> [Your objective]: Skip the pictures. Quote every line below, exactly, from the one with "Shockbreaker shock rcb" through the final line.

> [Supplied material]:
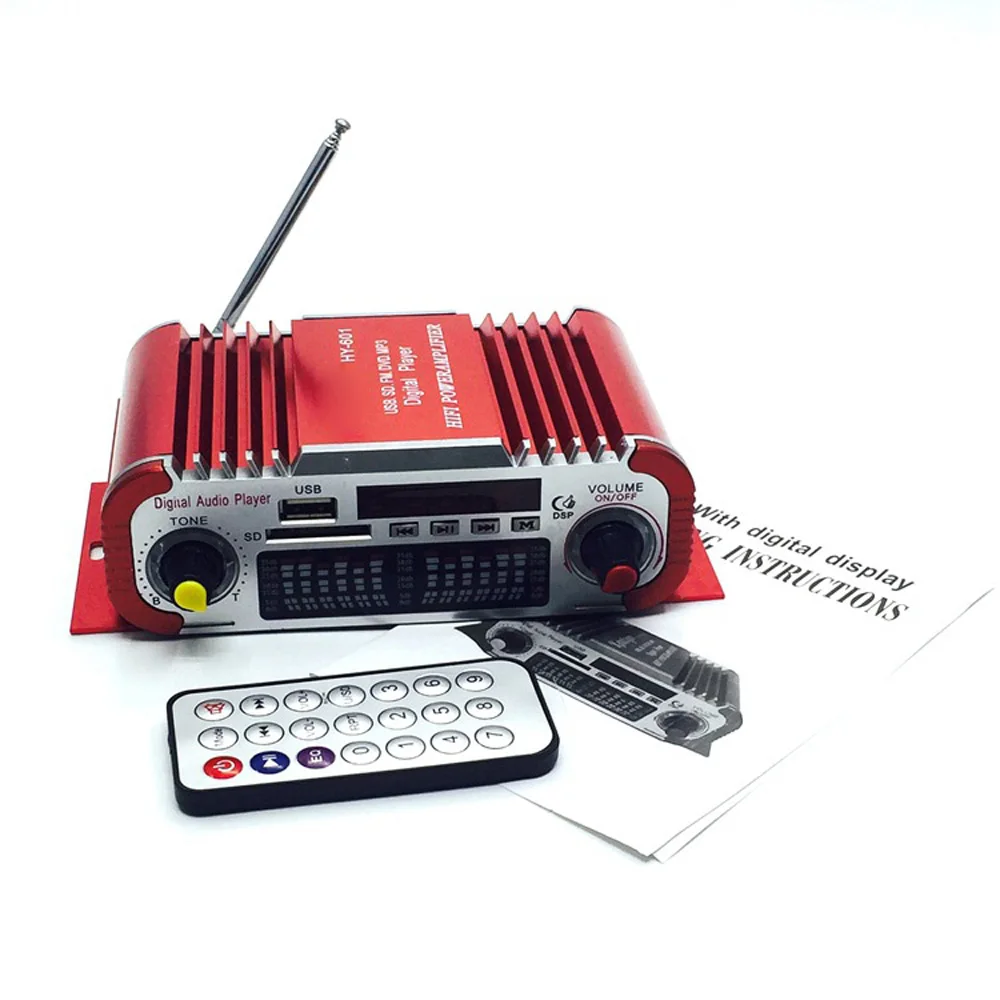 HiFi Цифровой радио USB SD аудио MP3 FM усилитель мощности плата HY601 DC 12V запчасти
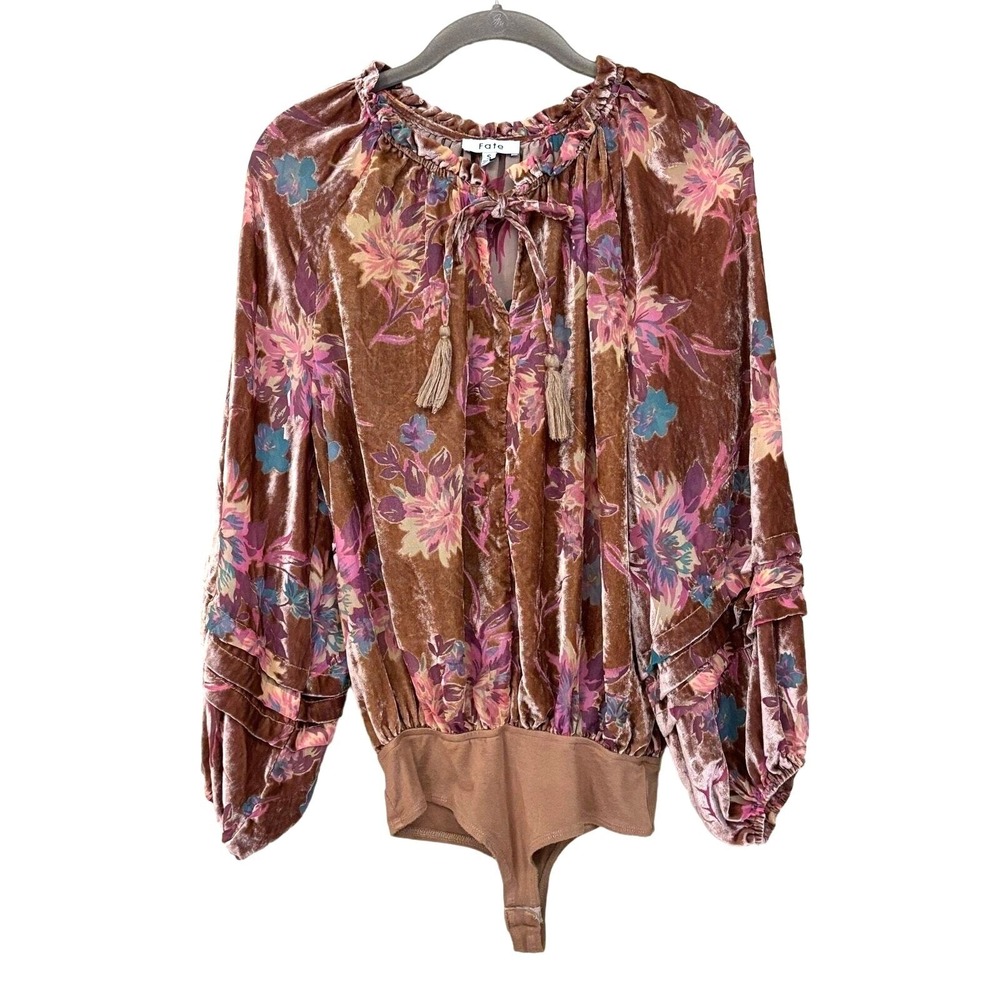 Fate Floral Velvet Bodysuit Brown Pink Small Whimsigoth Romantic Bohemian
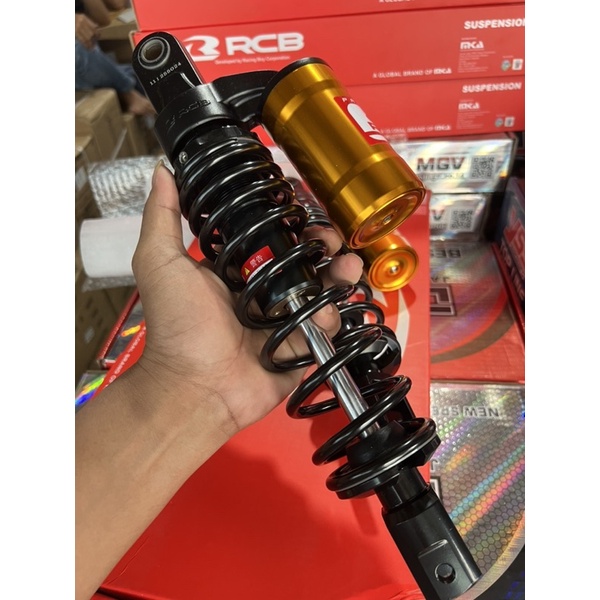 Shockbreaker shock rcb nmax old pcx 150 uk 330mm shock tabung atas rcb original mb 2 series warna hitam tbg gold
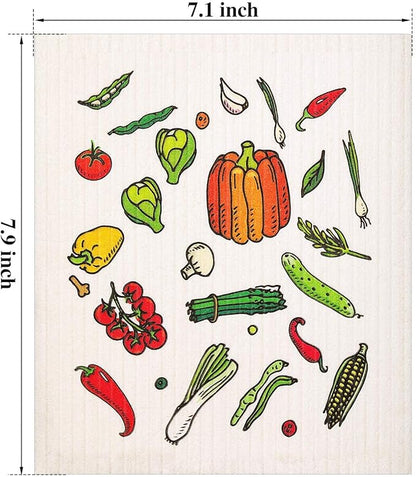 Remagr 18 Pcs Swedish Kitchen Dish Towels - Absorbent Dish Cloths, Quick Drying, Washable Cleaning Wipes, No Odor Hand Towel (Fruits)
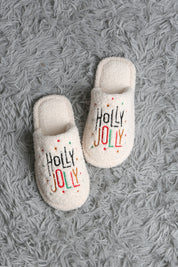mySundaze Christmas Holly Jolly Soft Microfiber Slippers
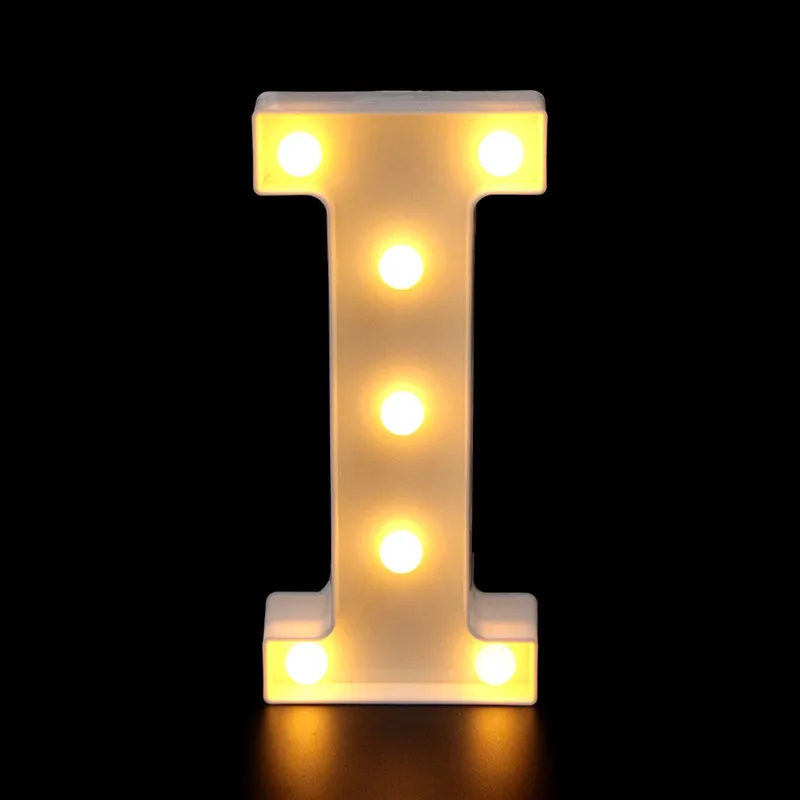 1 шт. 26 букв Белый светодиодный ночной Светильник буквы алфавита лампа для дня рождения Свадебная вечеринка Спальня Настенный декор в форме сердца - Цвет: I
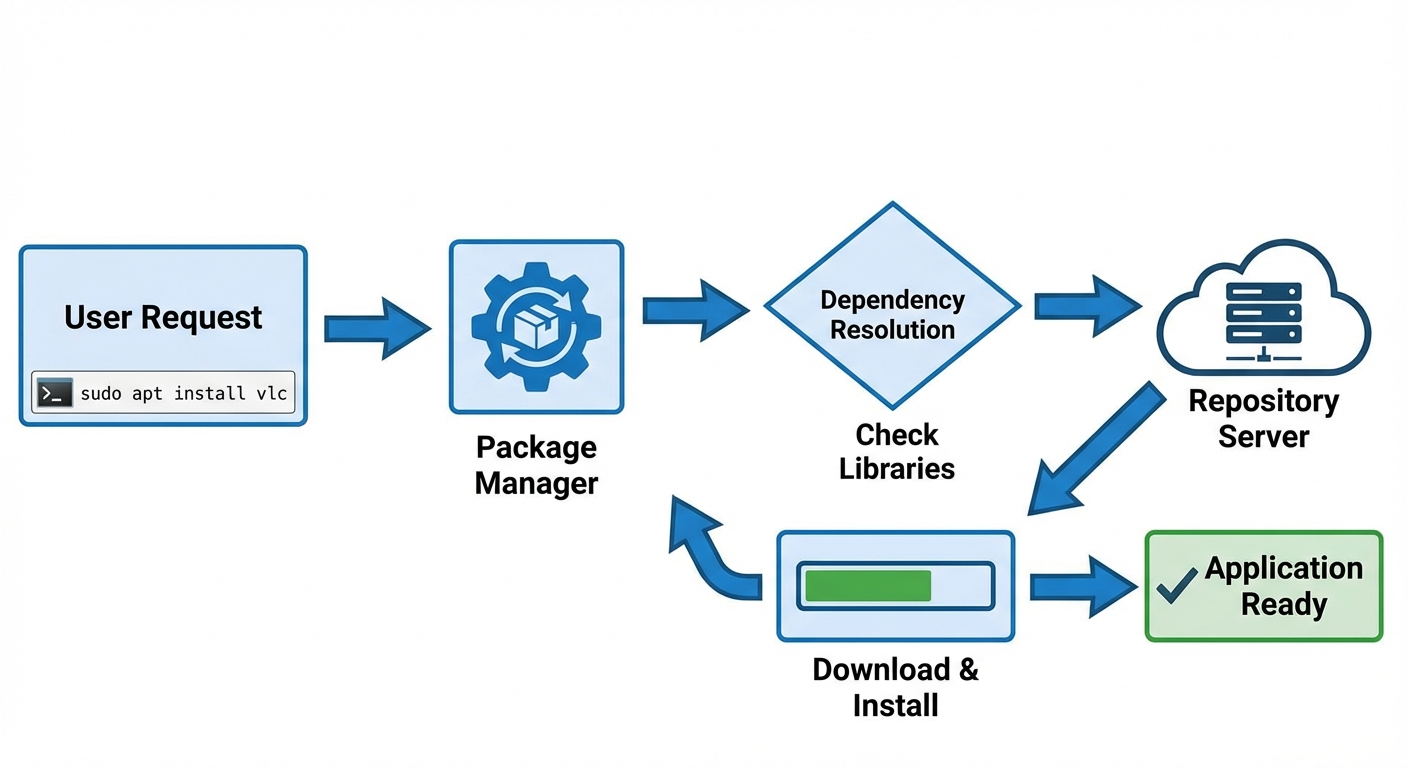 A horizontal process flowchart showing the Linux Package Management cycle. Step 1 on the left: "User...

> [Response]:
 Shockbreaker shock rcb nmax old pcx 150 uk 330mm shock tabung atas rcb original mb 2 series warna hitam tbg gold
 Remagr 18 Pcs Swedish Kitchen Dish Towels - Absorbent Dish Cloths, Quick Drying, Washable Cleaning Wipes, No Odor Hand Towel (Fruits)
mySundaze Christmas Holly Jolly Soft Microfiber Slippers
 1 шт. 26 букв Белый светодиодный ночной Светильник буквы алфавита лампа для дня рождения Свадебная вечеринка Спальня Настенный декор в форме сердца - Цвет: I
 A horizontal process flowchart showing the Linux Package Management cycle. Step 1 on the left: "User...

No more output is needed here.